You are viewing a plain text version of this content. The canonical link for it is here.
Posted to java-user@lucene.apache.org by ya...@bloglines.com on 2005/11/22 00:54:04 UTC
Strange tokenization with StandardFilter
I'm using a StandardFilter and seeing some strange tokenization.
Here's
the input:
apache.org hosts lucene at apache.org.
Here's the tokens it
outputs:
apache.org
hosts
lucene
at
apacheorg
Is this a bug
that apache.org and apache.org. don't convert to the same token?
---------------------------------------------------------------------
To unsubscribe, e-mail: java-user-unsubscribe@lucene.apache.org
For additional commands, e-mail: java-user-help@lucene.apache.org
Re: Strange tokenization with StandardFilter
Posted by Erik Hatcher <er...@ehatchersolutions.com>.

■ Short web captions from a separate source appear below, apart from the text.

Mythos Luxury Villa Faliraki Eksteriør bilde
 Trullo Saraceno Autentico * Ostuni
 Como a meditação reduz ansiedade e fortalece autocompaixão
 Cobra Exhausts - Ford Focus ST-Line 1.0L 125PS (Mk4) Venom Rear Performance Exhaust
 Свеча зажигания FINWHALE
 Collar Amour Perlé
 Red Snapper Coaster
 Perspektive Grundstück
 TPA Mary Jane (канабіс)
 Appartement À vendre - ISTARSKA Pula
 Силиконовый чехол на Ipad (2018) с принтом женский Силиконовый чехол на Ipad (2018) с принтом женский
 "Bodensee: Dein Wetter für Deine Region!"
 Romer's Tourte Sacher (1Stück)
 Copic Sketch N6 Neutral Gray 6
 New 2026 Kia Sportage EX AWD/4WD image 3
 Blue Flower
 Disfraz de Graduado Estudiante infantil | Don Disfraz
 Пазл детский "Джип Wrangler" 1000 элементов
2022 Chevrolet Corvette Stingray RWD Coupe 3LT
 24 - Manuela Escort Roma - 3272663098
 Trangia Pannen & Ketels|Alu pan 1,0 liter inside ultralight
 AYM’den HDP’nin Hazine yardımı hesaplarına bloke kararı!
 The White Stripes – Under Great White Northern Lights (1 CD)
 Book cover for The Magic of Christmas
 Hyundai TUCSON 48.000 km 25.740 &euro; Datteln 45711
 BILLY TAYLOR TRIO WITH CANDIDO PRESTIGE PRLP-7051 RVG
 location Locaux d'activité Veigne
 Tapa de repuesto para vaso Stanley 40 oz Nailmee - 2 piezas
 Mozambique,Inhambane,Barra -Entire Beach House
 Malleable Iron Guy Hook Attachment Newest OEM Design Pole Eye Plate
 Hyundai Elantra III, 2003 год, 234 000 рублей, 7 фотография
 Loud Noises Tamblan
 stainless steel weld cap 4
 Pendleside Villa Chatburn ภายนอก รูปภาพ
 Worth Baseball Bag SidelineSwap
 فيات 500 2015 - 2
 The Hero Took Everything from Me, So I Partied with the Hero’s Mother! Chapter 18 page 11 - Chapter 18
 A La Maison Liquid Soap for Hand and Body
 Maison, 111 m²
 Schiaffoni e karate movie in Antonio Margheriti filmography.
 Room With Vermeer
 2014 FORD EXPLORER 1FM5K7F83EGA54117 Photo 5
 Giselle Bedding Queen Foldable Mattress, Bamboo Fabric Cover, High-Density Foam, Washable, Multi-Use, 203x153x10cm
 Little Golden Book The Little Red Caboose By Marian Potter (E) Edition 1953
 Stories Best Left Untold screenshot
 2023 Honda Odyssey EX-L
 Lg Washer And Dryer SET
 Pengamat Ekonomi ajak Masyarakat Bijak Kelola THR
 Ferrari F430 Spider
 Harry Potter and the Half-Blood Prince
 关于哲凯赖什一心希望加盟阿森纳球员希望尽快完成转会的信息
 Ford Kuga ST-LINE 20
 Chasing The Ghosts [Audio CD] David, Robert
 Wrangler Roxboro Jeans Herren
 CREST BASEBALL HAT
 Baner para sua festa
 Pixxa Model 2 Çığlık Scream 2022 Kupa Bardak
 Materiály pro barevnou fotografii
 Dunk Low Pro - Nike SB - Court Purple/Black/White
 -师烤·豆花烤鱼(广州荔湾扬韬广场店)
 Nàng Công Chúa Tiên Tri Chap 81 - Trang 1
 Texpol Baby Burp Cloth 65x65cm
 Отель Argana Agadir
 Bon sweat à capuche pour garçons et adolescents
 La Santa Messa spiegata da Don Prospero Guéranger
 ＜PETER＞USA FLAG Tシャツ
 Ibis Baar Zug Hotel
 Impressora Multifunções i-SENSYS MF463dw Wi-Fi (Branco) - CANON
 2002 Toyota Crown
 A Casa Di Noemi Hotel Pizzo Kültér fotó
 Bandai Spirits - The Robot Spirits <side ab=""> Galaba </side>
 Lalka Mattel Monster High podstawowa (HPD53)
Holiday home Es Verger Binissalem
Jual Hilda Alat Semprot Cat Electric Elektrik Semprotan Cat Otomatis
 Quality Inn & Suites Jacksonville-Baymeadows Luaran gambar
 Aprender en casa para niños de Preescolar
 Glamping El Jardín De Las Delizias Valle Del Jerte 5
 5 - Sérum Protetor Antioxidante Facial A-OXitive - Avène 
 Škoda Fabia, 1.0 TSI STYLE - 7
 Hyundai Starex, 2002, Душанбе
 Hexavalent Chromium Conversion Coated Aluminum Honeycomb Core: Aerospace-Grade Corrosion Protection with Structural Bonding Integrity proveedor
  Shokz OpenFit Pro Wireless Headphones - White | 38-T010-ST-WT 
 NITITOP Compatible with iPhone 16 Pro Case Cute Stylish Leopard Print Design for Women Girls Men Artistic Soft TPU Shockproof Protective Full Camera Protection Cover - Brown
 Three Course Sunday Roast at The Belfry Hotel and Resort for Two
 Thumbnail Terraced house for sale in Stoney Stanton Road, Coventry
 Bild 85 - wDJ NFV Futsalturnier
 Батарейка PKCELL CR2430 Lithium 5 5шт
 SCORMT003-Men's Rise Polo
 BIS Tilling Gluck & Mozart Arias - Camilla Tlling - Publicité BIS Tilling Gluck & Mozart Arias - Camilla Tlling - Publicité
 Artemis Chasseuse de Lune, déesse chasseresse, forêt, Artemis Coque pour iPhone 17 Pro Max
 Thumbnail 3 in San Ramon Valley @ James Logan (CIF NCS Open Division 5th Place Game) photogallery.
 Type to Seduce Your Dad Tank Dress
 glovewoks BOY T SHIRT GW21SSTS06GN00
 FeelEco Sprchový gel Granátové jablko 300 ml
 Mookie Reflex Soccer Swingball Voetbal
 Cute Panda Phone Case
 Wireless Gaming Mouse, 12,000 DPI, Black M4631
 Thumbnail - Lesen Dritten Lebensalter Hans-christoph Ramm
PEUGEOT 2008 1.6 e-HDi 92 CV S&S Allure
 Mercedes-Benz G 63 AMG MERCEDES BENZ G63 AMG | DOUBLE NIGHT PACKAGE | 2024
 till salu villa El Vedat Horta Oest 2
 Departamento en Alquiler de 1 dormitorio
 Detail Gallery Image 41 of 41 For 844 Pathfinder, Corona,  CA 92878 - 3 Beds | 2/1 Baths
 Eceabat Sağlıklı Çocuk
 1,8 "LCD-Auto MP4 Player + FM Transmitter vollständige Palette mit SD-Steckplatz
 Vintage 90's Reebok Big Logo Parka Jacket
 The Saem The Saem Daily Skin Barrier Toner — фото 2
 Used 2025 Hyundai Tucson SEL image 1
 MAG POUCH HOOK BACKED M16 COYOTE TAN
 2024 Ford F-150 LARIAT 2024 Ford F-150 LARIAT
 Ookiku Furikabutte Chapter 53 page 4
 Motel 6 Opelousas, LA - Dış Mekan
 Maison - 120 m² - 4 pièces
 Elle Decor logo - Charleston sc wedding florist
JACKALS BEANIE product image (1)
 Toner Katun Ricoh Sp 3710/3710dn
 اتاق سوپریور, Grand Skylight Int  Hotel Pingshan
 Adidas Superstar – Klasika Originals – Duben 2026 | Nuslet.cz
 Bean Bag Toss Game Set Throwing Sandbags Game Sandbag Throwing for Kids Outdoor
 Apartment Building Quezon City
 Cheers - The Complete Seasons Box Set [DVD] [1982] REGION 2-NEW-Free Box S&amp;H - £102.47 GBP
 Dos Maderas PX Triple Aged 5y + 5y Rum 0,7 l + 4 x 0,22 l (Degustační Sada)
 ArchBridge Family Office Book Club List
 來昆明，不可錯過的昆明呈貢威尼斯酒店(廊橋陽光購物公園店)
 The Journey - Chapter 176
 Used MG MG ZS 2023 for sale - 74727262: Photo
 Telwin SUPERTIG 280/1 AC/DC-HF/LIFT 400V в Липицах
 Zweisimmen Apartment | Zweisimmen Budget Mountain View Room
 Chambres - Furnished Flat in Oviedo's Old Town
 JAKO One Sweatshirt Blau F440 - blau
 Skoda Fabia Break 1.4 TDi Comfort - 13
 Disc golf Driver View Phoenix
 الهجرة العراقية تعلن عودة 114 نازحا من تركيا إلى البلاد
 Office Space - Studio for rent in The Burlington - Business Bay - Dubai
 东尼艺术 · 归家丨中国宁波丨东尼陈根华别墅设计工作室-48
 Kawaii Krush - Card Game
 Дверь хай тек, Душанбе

On 21 Nov 2005, at 18:54, yahootintin.11533894@bloglines.com wrote:
> I'm using a StandardFilter and seeing some strange tokenization.
>
> Here's
> the input:
> apache.org hosts lucene at apache.org.
>
> Here's the tokens it
> outputs:
> apache.org
> hosts
> lucene
> at
> apacheorg
>
> Is this a bug
> that apache.org and apache.org. don't convert to the same token?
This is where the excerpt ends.